Marriage, thoughtfully and prayerfully entered into, can be a slice of heaven on earth. You will do more for Christ, and life in general than you ever could alone. Choose wrongly and you are toast.
Women have been on the short end of the stick, in regards to marriage, more often than men, but it still happens. If you take your vows seriously you are assuming a series of almost unlimited liabilities. A wrongly chosen, professing Christian, spouse can destroy your life with the blessing of the church and the man is responsible.
Let me share a dirty little secret with all those christian women out there who wonder why men are reluctant to get married now a days. In part it's about authority. Even in Christian circles a man has all the responsibilites but none of the authority of his historical counterpart. Financially a wife can keep the couple in a state of near bankruptcy, deny him sex for years on end, and both the church and society will blame him. In the church he will be held responsible for her actions ( unless it's the big " A " ) and will be denied ministry opportunities. If he attempts to complain to the minister it will almost always work around to be his fault( whether it is or not ).

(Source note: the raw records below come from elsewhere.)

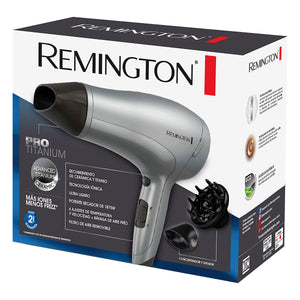 SECADOR PARA REMINGTON PROTITANIUM D3019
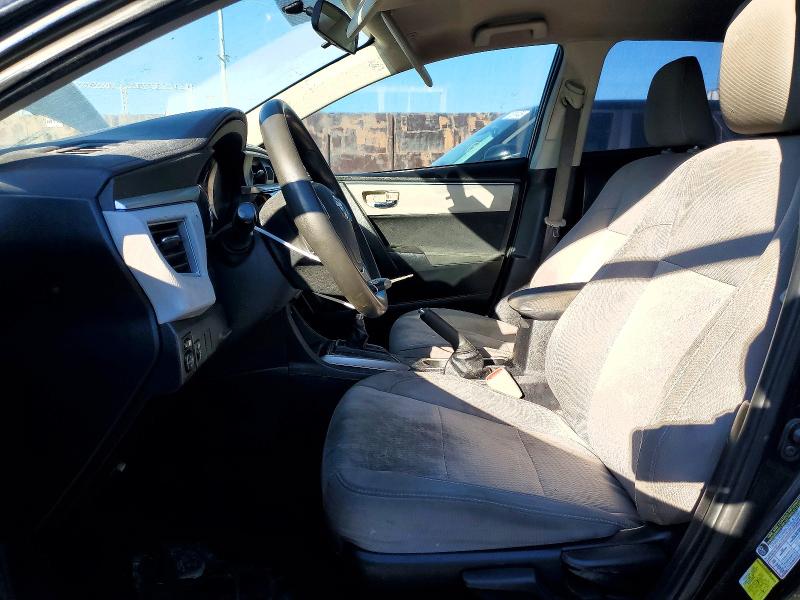 Продажа на аукционе авто 2014 Toyota Corolla, vin: 2T1BURHE9EC176432, номер лота: 71507386
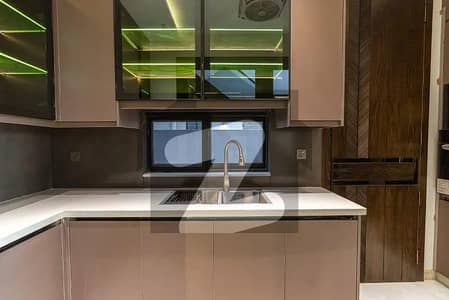 Luxury 10 Marla House for Sale in Sector Y, DHA Phase 7 Lahore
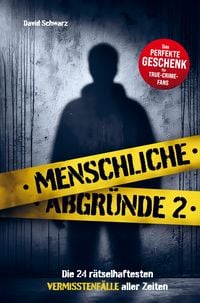 Produktbild: Menschliche Abgr&uuml;nde 2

A women can get credit cards and loans based on her husbands income, without his knowledge or consent, but ( depending on where you live) the reverse rarely holds true.
The same type of situation holds true in most jurisdictions if the marriage fails. Women can violate custody orders, deny visitation, levy false accusation after false accusation without penalty and the man is almost( though thankfully not totally ) defenseless.
I have seen all these senarios play out in the last 20 years of ministry. I realize that their are still men out there who are thoroughly worthless human beings and deserve everything they suffer, but more and more I'm running into abused men. Men whoose lives have been destroyed, who are showing all the psychological markers that I only used to see in abused women, and almost no one cares. Each act of abuse by a woman is seen by society as the act of an individual woman.
Every abusive act by a man is seen as being( potentially) the act of every man.
This is the situation in most of the West now.
A Christian has to understand that he is beholden to fulfill the vows he utters on the day of his wedding regardless of whether or not his wife fulfills hers. If you have any doubts about whether or not your bride to be intends to fulfill her vows then do not marry her ( I would tell a woman the same thing on this score ). The pain of a break up before marriage is far easier to deal with than the almost perpetual purgatory of dealing with and attempting to fix an ill-advised marriage after the fact.
Those who used to tell couples that marriage was a sacred institution, not to be entered into lightly, weren't kidding. There would be a lot less wreckage for the rest of us to clean up if couples would remeber that.